Are We About to See a Global Gold Selling Spree? … Heavily indebted euro zone nations such as Italy and Portugal could come under pressure to put their bullion reserves to work as a result of plans for Cyprus to sell gold to meet its financing needs. A European Commission assessment of what Cyprus needs to do as part of its European Union/International Monetary Fund bailout showed Cyprus is expected to sell in excess gold reserves to raise around 400 million euros ($523 million). Other struggling euro area countries may be pushed to take note. Between them, for example, Portugal, Ireland, Italy, Greece and Spain, hold more than 3,230 metric tons (3561 tons) of gold between them, worth nearly 125 billion euros at today's prices. − Reuters
Dominant Social Theme: Gold is not a good investment.
Free-Market Analysis: Globalists hate gold. Those who want to expand internationalism find it much more convenient to do so via fiat money than in any other way.
Central bank fiat-money expansions drive internationalism in much the same way as global trade agreements. These are the twin engines of worldwide commerce and as they are both government operated, they generate a planned and controllable internationalism that does not equitably distribute prosperity but actively retards it.
A free-market gold and silver standard would be an immeasurable improvement over the current state of affairs, but what we are more likely to get – if the fiat standard continues to degrade – is a state-controlled standard. It will be a measurable improvement but one that contains the seeds of its own destruction. The previous gold standard imploded as well.

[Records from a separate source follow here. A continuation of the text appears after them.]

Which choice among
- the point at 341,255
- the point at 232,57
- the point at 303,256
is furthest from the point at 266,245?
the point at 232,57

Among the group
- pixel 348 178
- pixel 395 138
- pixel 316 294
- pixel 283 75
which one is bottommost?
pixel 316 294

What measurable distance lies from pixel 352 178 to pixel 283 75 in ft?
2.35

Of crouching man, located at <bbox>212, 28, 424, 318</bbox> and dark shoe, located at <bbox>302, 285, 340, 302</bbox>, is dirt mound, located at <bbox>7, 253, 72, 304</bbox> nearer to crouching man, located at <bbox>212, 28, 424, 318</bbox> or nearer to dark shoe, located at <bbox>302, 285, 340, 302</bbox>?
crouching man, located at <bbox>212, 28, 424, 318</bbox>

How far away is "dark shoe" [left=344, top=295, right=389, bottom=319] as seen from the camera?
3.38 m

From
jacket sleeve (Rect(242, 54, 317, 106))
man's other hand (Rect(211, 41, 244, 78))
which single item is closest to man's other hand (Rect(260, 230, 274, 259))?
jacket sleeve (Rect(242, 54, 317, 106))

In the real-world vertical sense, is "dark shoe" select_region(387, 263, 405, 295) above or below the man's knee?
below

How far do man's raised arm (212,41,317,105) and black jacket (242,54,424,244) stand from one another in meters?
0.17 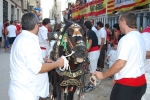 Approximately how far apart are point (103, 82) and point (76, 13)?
17.0 metres

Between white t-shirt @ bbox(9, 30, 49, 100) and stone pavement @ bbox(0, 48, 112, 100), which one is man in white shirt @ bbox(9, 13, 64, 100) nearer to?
white t-shirt @ bbox(9, 30, 49, 100)

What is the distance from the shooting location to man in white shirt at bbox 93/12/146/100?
304 cm

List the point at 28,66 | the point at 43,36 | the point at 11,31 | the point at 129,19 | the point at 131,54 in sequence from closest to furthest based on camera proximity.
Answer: the point at 28,66, the point at 131,54, the point at 129,19, the point at 43,36, the point at 11,31

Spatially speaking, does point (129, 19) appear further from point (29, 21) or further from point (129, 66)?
point (29, 21)

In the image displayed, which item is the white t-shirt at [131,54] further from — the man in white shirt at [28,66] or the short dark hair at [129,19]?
the man in white shirt at [28,66]

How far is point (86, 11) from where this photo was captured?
19406 mm

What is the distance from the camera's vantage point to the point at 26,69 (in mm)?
2898

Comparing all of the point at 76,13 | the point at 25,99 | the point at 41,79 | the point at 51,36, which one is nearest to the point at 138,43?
the point at 41,79

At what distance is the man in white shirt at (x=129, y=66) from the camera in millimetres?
3039

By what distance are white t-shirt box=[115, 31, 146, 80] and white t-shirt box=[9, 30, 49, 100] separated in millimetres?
1024

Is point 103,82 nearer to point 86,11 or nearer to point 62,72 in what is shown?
point 62,72

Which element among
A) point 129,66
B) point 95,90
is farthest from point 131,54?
point 95,90

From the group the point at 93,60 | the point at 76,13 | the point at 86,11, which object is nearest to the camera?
the point at 93,60

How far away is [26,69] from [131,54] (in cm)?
134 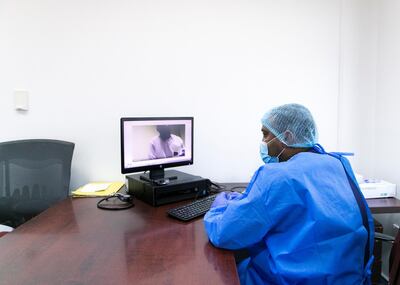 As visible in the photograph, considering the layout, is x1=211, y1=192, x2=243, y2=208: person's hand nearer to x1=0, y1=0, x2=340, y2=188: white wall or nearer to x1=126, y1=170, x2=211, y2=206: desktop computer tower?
x1=126, y1=170, x2=211, y2=206: desktop computer tower

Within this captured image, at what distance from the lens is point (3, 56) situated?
2037 millimetres

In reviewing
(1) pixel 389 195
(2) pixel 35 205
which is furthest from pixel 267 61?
(2) pixel 35 205

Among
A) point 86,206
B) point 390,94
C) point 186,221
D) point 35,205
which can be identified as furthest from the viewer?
point 390,94

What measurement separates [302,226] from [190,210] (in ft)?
1.94

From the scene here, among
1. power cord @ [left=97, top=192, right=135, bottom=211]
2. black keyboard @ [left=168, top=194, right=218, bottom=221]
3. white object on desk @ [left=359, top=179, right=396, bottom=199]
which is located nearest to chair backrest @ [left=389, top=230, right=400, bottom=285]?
white object on desk @ [left=359, top=179, right=396, bottom=199]

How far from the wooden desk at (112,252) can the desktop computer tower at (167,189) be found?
0.13 m

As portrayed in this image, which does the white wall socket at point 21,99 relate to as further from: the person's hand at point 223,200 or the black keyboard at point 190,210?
the person's hand at point 223,200

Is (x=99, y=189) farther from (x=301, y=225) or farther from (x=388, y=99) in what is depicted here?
(x=388, y=99)

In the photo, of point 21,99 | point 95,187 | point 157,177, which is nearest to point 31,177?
point 95,187

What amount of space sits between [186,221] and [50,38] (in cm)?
163

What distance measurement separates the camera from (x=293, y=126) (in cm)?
129

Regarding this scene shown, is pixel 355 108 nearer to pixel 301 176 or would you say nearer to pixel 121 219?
pixel 301 176

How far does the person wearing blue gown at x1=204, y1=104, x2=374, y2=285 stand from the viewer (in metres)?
0.99

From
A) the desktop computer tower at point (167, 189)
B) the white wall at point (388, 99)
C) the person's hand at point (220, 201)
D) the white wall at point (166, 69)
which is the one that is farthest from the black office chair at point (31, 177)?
the white wall at point (388, 99) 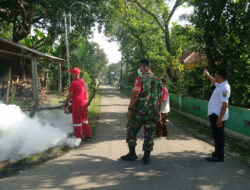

In the meantime, the powers-that-be will continue to try to control the price of gold and minimize its rise. Every time that precious metals gain more power and value against fiat currencies, those latter currencies become less useful to maintain the current system. Here's more from the article:
The lion's share of that – 2,451.8 metric tons – belongs to Italy. But Portugal and Spain also hold hundreds of metric tons and gold is currently trading around $1,558.95 per ounce in spot terms, or 1,189 euros.
The metal makes up more than 90 percent of Portugal's foreign exchange holdings, and 72.2 percent of Italy's. India, by contrast, holds less than 10 percent of its reserves in gold.
Gold sales on their own would be far from a magic bullet to solve euro zone financing problems: Italy's entire gold reserves, for example, are worth less than 95 billion euros, against outstanding debt of around 1.685 trillion euros.
But the Cyprus situation shows that even a relatively small gold sale may help address severe debt problems. Cyprus' gold sale would allow it to easily come up with around 3 percent of what it must contribute to the bailout.
It is something that has the market somewhat concerned given that a big sale would push down the price. Central bank gold buying was one of the few areas of demand to increase last year at a time jewelry, coin and gold-bar buying was on the wane.
Indeed, spot gold posted its biggest one-day drop in nearly two months on Wednesday after news of the planned sale broke.
"Cyprus may be a one-off, (but) the market's concern will be that it isn't, and that other countries will be invited to sell their gold," one senior gold trader said.
"It's a potential game-changer for the market," he added. "Given we know that Portugal rejected the most recent austerity plan, and they have over 90 percent of the country's foreign exchange reserves in gold, does this mean that Portugal perhaps will be asked to sell some of its gold?" …
The World Gold Council says methods other than selling may offer better returns for gold holders.
"It is important that Cyprus explores all the options available to it and outright sales are not the only one," a spokesman for the WGC said. "We believe that the most effective way for countries to benefit from holding gold is to leverage its gold as collateral for sovereign issuance."
This point made by the World Gold Council is an interesting one, for it shows there are many ways that countries and their central banks can gain from their gold holdings.
And yet, according to this article, troubled countries may not be given the option to explore alternative methods of leveraging gold but will simply be pressured to sell.
Surely, this may be one more way of containing the price-expansion of gold and silver against fiat – or for purists, containing the deflation of fiat value against gold.
What is important to keep in mind as headlines fill up with news about the depreciation of gold and the failure of the gold market to maintain its upward momentum is that such headlines are the results of metals manipulation on a macro scale.
Gold and silver are enmeshed in a long-term bull market and the longer the prices are suppressed the more powerful the next breakout may eventually be.